The paper offers a thorough theoretical justification with detailed proofs. However, some proofs and algorithmic descriptions could benefit from additional intuition or summarizing remarks.
The distributed algorithm design and privacy-preserving updates are well aligned with modern large-scale and decentralized applications. While simulations are convincing, experiments on real-world tasks would further strengthen the empirical claims.

其他意见或建议

I didn’t find any significant typos.
Font size in figure is too small.

作者回复

2025-04-01

We sincerely thank you for your time and feedback, and appreciate the reviewer identifying our contribution. Please refer to the link https://anonymous.4open.science/r/ICML-2663/README.md for our newly conducted experiments.

Hyperparameter sensitivity; Benchmark like contextual MDPs. We appreciate the reviewer’s suggestion.

Two hyperparameters are included: E and $\lambda$ .

We implement algorithms with different E in Fig 2, Table 1. A larger E results in slower convergence but less computation, matching our theoretical results.
We run experiments with $\lambda=0.2$ in Table 2. Together with results in our paper for 0.1, it shows our methods are uniformly better and robust to it.

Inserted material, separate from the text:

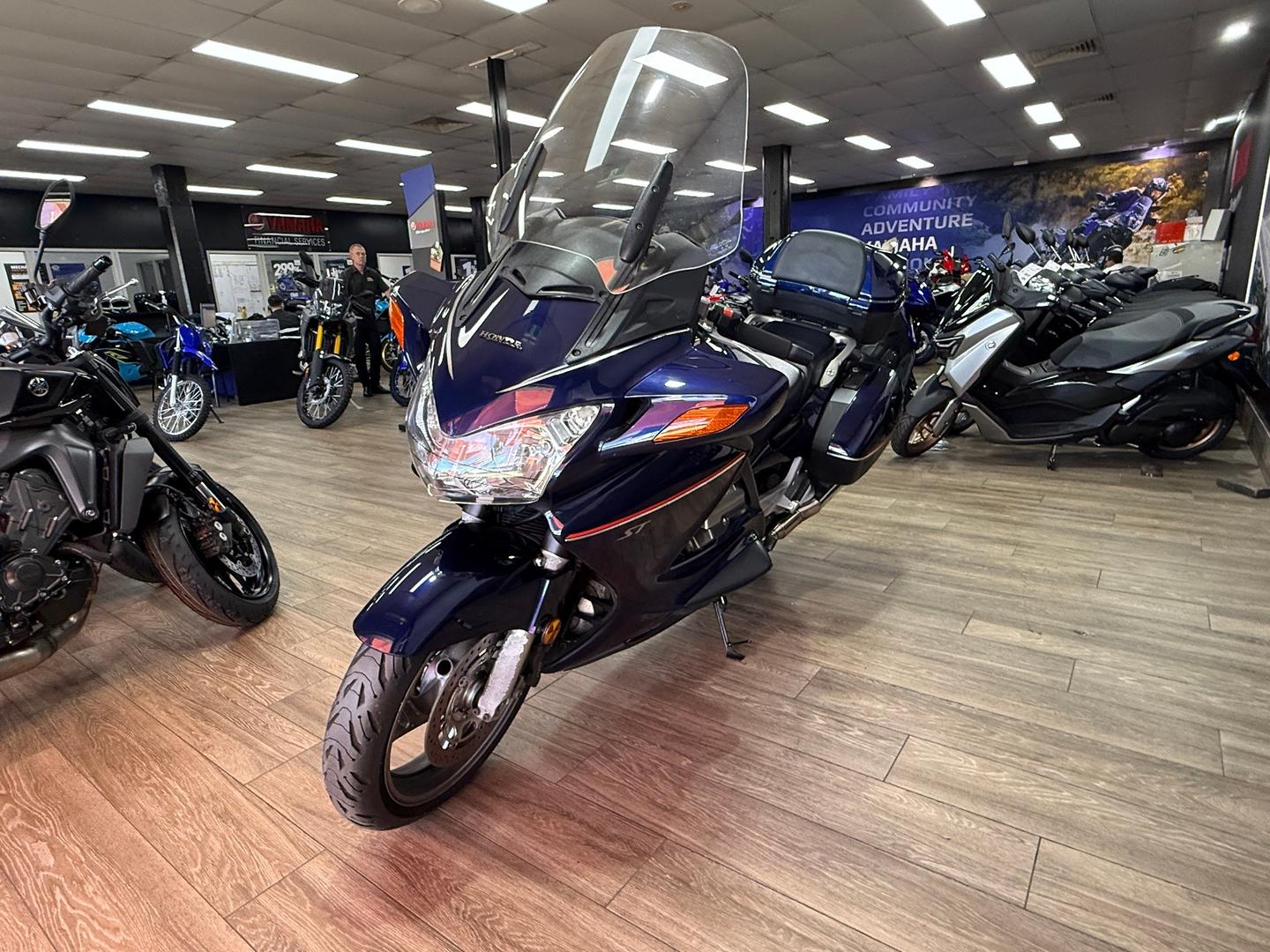 2004 HONDA ST1300 ROAD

We present 2 more experiments. (1). Cartpole Experiment (Fig. 3): We apply our methods to the Cartpole environment, a common example of a contextual MDP. Results show that even when updates introduce bias, our methods outperform the baseline, confirming robustness. (2). Dynamic Vehicle Routing Problem (DVRP): We design a real-world scenario—DVRP [Iklassov, Z, et al., Reinforcement Learning for Solving Stochastic Vehicle Routing Problem, 2024]—which extends the classic vehicle routing problem with real-time requests and environmental uncertainty. Three important objectives are considered: Minimizing overall routing cost, Enhancing route smoothness, and Improving route stability. As shown in Table 3, our methods consistently outperform baselines across all criteria, and are more effective.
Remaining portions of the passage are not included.